Why was the guitarist arrested?
He fingered a minor.
Why was the guitarist arrested?
He fingered a minor.
What website should you go to to look up LSD dealers?
TripAdvisor.com
To be the perfect German, you need to be as thin as Göring, as tall as Goebbels, and as blonde as Hitler.
If somebody cuts their leg off and hits you with it, would they be kicking or hitting you?
What do you call a person who's got their wisdom tooth removed too late?
Dumb.
What do you call a lesbian dinosaur?
Lickalottapuss.
I was on the Oregon trail with my friend's brother, Carl. He got cholera, so we threw him off the wagon. When we came back, he was having a seizure and pooping uncontrollably. It was pretty cholerious.
I love all races, even the bad ones.
What do the initials NOW stand for?
(A.) National Organization For Women
(B.) National Organization of Whores
(C.) All the above
Answer:
Since the initials NOW can stand for anything, the correct answer is all the above.

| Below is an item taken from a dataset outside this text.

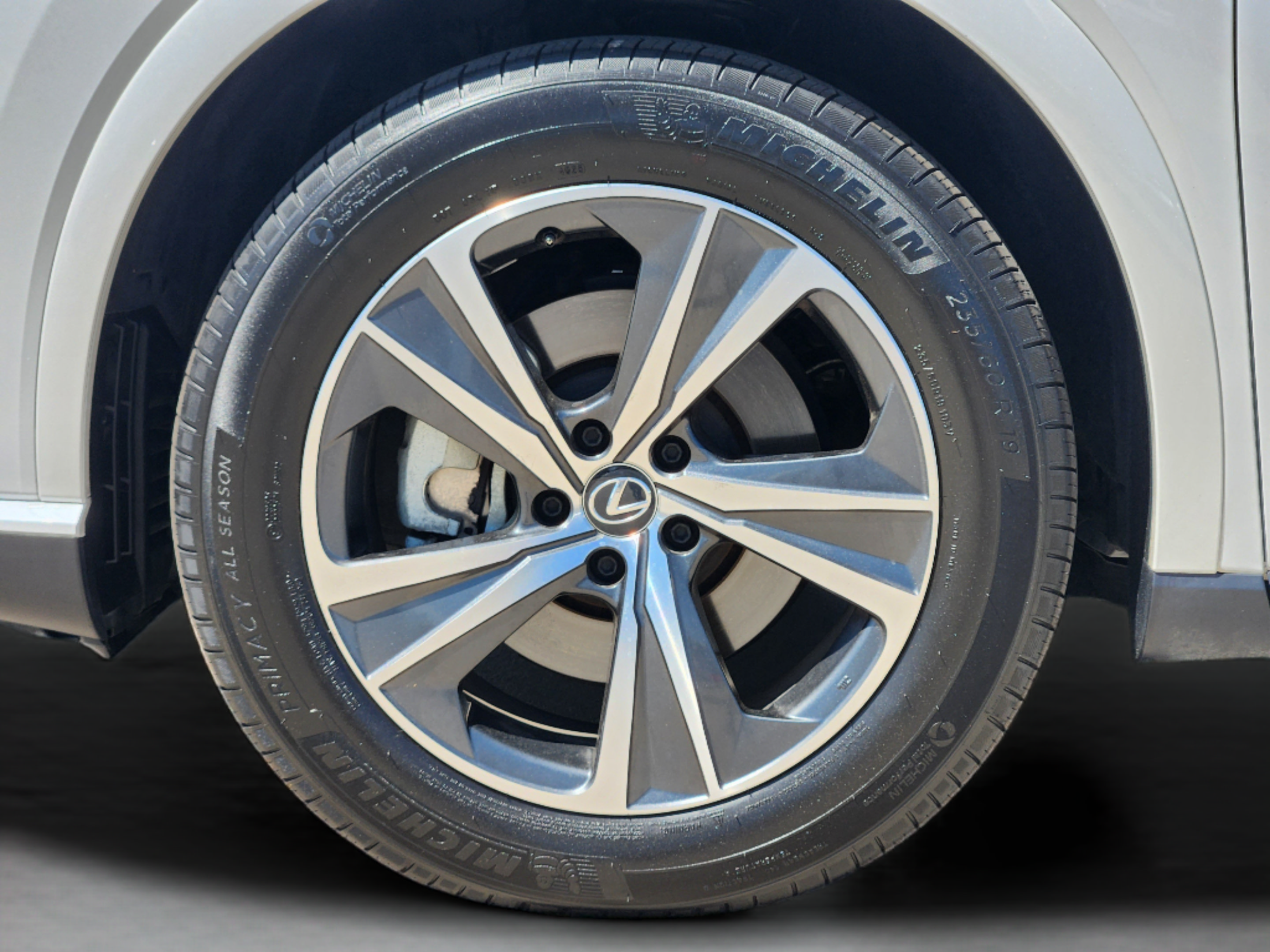 Used 2025 Lexus RX 350 FWD w/ Technology Package image 38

My poor knowledge of Greek mythology has always been my Achilles' elbow.
Control tower to Boeing 747, you're clear to land on (said person)'s forehead.
What is brown and sticky?
A stick.
The wine taster at an old vineyard died. A homeless guy, looking ragged and dirty, came to apply. He persuaded the manager to give him a try.
The guy was given a glass of wine. He swirled, smelled, sipped, and spit. “It's a red wine, Merlot, three years old, grown on the South Slope and matured in oak barrels,” he said. "Impressive," said the manager.
The man is given another. “Still a red wine, Cabernet, eight years old, from the Northeast slope, stored in steel vats.”
The manager was amazed. He winked at his secretary. The secretary understood and brought out a glass of urine. The drunkard tasted it and said, “It's a blond, 27 years old, three months pregnant, and if I don't get this job, I'll tell who the father is!”
A girl and boy are in bed after sex. The boy goes, “I can’t believe they got together after all that shit.” The girl says, “Who?” The boy goes, “My ass cheeks.”
Why is it so hard to choose between buying a Subaru or a Volvo? Because you’re deciding whether you want to look like a rapist or a pedophile.
What were Stephen's last words? “Battery low.”